Cambridge Consultants doesn't want smart meters to get locked into a single, and perhaps standards-losing, communications technology.

That's why the U.K.-based technology consultancy known for helping bring Bluetooth to the masses has developed what it calls a universal metering interface, or UMI – a standard way to switch communications systems in and out of any smart meter.

German meter manufacturing giant Elster has already said it will use UMI for its smart natural gas meters. Of the two other big smart meter vendors in Europe, Landis+Gyr and Itron, at least one is close to adopting UMI as well, Alistair Morfey, Cambridge Consultants technology director, said on Tuesday.

The pitch is simple, he said. While the requirements for how meters measure power and gas are set, how they're to communicate – and how secure those communications must be – "are not that stable, and are changing all the time," he said.

Choosing a communications technology to use is a pressing problem for smart meter makers, as well as companies designing in-home energy management devices, smart appliances, and other systems meant to communicate with them.

In Europe, for example, the U.K. looks to be adopting ZigBee, while countries such as Germany and Holland have picked alternative wireless technology M-Bus, he noted.

But with the United Kingdom demanding that all its 26 million electricity meters and 22 million gas meters be "smart" by 2020, and similar mandates for making European Union electricity meters capable of two-way communication by 2022, meter makers might not want to wait for communication and security standards to be developed, he said.

"The meter manufacturers want to have one meter they can sell across these countries," Morfey said. UMI offers a way to install the meters now, and adapt communications as the standards change, he said.

Cambridge Consultants – a subsidiary of European consultancy Altran – won't manufacture the modules themselves, but sees the adoption of UMI as a way to expand its presence in the smart metering industry, as well as an opportunity to have its software licensed by manufacturers who adopt it, Morfey said.

That promise is similar to that being promoted by the U-SNAP Alliance in the United States, a group that wants to build in-home energy monitoring devices with communications that can be switched in and out (see U-SNAP Gets Google, GE, Utilities to Support Modular Smart Grid Comms).

But while U-SNAP is concentrating on in-home devices, UMI's modules are designed to be installed in the smart meters themselves, Morfey said.

They're also meant to provide options for both directions that smart meters are to communicate, he noted. That includes the low-power wireless standards such as ZigBee, Z-Wave, M-Bus, and potentially Bluetooth meant to communicate to devices in home area networks, as well as the wide-area networks to link smart meters back to utilities.

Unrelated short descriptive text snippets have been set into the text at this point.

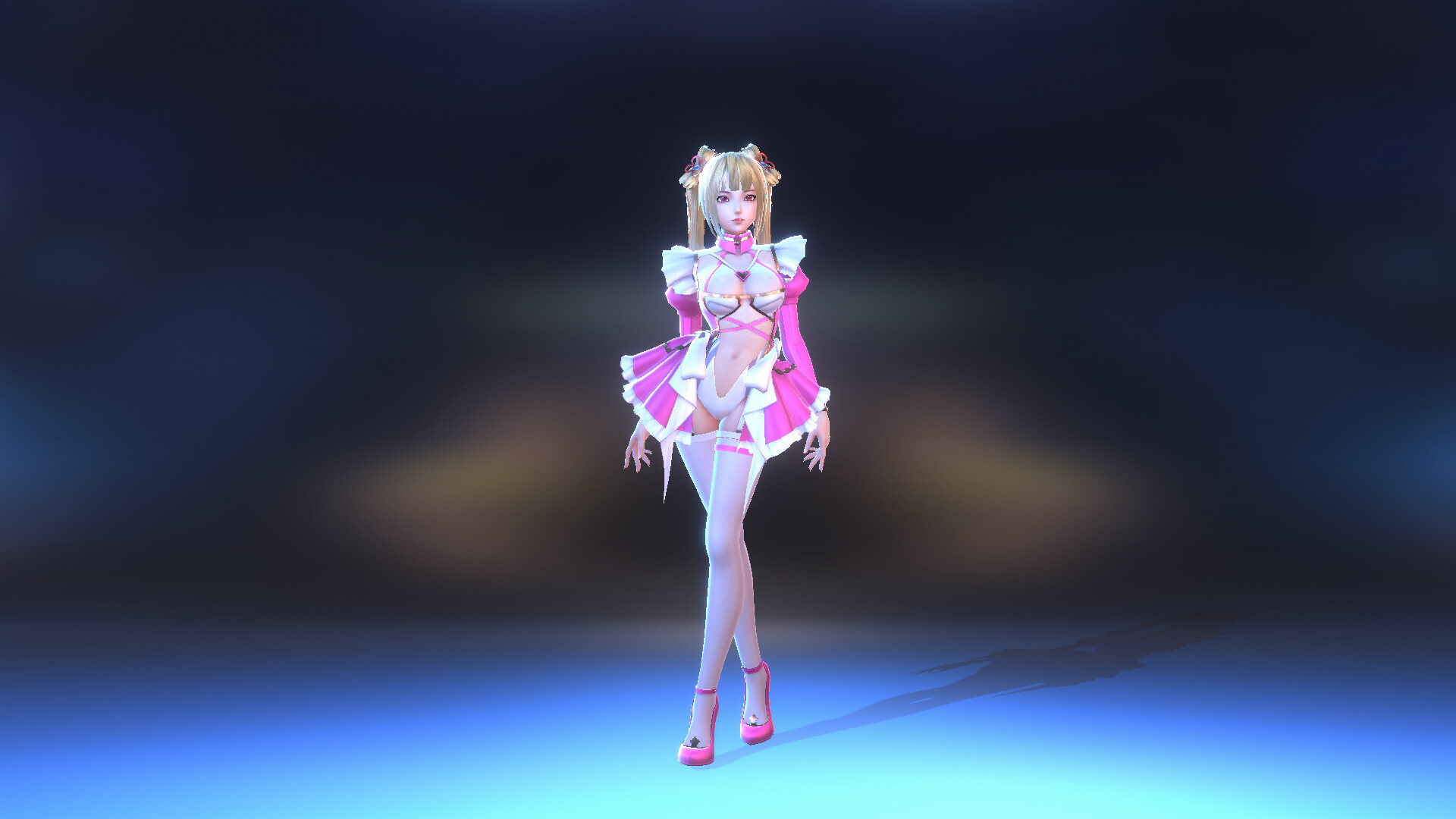 Angel Legion-DLC X Maid (Pink) screenshot thumbnail screenshot 4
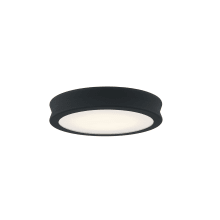 Fusion 9" Wide LED Flush Mount Ceiling Fixture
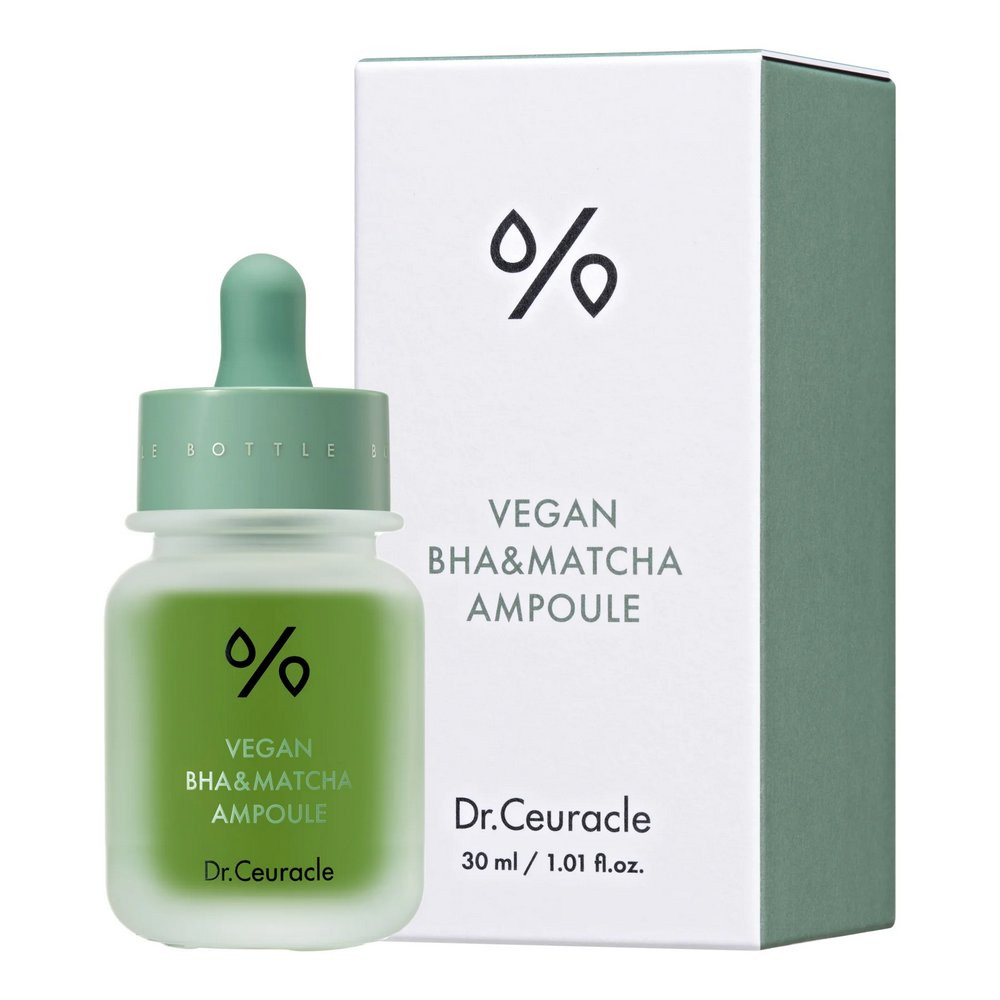 Dr.Ceuracle - Ампульна сироватка з BHA кислотою та екстрактом чаю Матча (Фото-3)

In Europe, that's typically done through various public wireless technologies such as GSM, which UMI can support, though the modules also could be upgraded to operate over 4G networks as those are deployed.

In North America, on the other hand, utilities have tended to use mostly proprietary wireless mesh radios to link smart meters in neighborhood area networks, then link those to concentrator boxes, or hubs, that then use cellular or fiber communications to connect back to utility control centers.

Companies including SmartSynch and Ambient are making networking devices that can be upgraded in a modular fashion to use different communications technologies as they emerge (see A PC for the Smart Grid and Ambient Expands Smart Grid Contract With Duke).

As for linking smart meters and in-home devices, most North American utilities appear to be choosing ZigBee (see RF Mesh, ZigBee Top North American Utilities' Smart Meter Wish Lists).

But while Cambridge Consultants has concentrated its UMI efforts on the European market to date, that doesn't mean it doesn't see the technology having promise in the United States as well, Morfey said.